Reading updated memory from other CUDA stream

2019-09-02 12:47发布

问题:

I am trying to set a flag in one kernel function and read it in another. Basically, I'm trying to do the following.

#include <iostream>                                                              
#include <cuda.h>                                                                
#include <cuda_runtime.h>                                                        

#define FLAGCLEAR 0                                                              
#define FLAGSET   1                                                              

using namespace std;                                                             

__global__ void set_flag(int *flag)                                              
{                                                                                
    *flag = FLAGSET;                                                             

    // Wait for flag to reset.                                                   
    while (*flag == FLAGSET);                                                    
}                                                                                

__global__ void read_flag(int *flag)                                             
{                                                                                
    // wait for the flag to set.                                                 
    while (*flag != FLAGSET);                                                    

    // Clear it for next time.                                                   
    *flag = FLAGCLEAR;                                                           
}                                                                                

int main(void)                                                                   
{                                                                                
    // Setup memory for flag                                                     
    int *flag;                                                                   
    cudaMalloc(&flag, sizeof(int));                                              

    // Setup streams                                                             
    cudaStream_t stream0, stream1;                                               
    cudaStreamCreate(&stream0);                                                  
    cudaStreamCreate(&stream1);                                                  

    // Print something to let me know that we started.                           
    cout << "Starting the flagging" << endl;                                     

    // do the flag test                                                          
    set_flag  <<<1,1,0,stream0>>>(flag);                                         
    read_flag <<<1,1,0,stream1>>>(flag);                                         

    // Wait for the streams                                                      
    cudaDeviceSynchronize();                                                     

    // Getting here is a painful process!
    cout << "Finished the flagging" << endl;                                     

    // Clean UP!                                                                 
    cudaStreamDestroy(stream0);                                                  
    cudaStreamDestroy(stream1);                                                  
    cudaFree(flag);                                                              

}

I eventually get the second printout, but only after the computer freezes for 15 seconds, and I get both printouts at the same time.
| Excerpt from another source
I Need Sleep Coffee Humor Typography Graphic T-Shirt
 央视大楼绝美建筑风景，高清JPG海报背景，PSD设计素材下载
These streams are supposed to run in parallel, and not bog the system down. What am I doing wrong? How can I fix this?

Thanks.

EDIT

It seems as though a special case has been solved by adding volitile but now something else has broken. If I add anything between the two kernel calls, the system reverts back to the old behavior, namely freezing and printing everything at once. This behavior is shown by adding sleep(2); between set_flag and read_flag. Also, when put in another program, this causes the GPU to lock up. What am I doing wrong now?

Thanks again.

回答1:

The compiler is allowed to do fairly aggressive optimization. Furthermore, the L1 caches on Fermi devices are not guaranteed to be coherent. To work around these issues, try adding the volatile keyword to your functions usage of the flag variable like so:

__global__ void set_flag(volatile int *flag)       

and

__global__ void read_flag(volatile int *flag)     

Generally speaking, when used on a variable resident in global memory, this will cause the compiler to issue loads that bypass the L1 cache and will also generally speaking prevent optimizations of these variables into registers, for example.

I think you'll have better results.

The code you've posted has the potential to deadlock due to these issues. Therefore, the observation you're seeing may actually be the OS (e.g. windows TDR) interrupting your program.